A Martyr of the Northern Rebellion

Blessed Thomas Plumtree, formerly of Corpus Christi College at Oxford, served as chaplain to the Northern Rising of Thomas Percy, Earl of Northumberland and Charles Neville, Earl of Westmoreland. He officiated at the Mass in Durham Cathedral on December 4, at which clergy and people who had conformed to the new religion were reconciled to the old faith. With the establishment of the Church of England at the beginning of Elizabeth I's reign, Father Plumtree had been forced first from his rectorship at Stubton and then from his role as schoolmaster by the requirements of the Oath of Supremacy, etc.
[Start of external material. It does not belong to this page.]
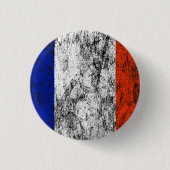 franse vlag ronde button 3,2 cm (Voorkant)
He was charged with having said Mass and offered freedom if he renounced his Catholicism, on the scaffold in the Durham Castle marketplace!--which he refused on January 4, 1570. With the sanction of Pope Gregory XII, the Blessed Thomas was represented on the walls of the ancient church of the English College in Rome and Pope Leo XIII declared him a martyr and beatified him in 1886 among a group of 54. The Catholic Church of St. Cuthbert in Durham mentions him in the history of their church and the Hexham and Newcastle Diocese lists him among the Northern Saints and Martyrs, celebrating a diocesan feast on July 25. Note that the crucial issue for his being declared a martyr is that he was given a chance to save his life by renouncing his faith and refused it.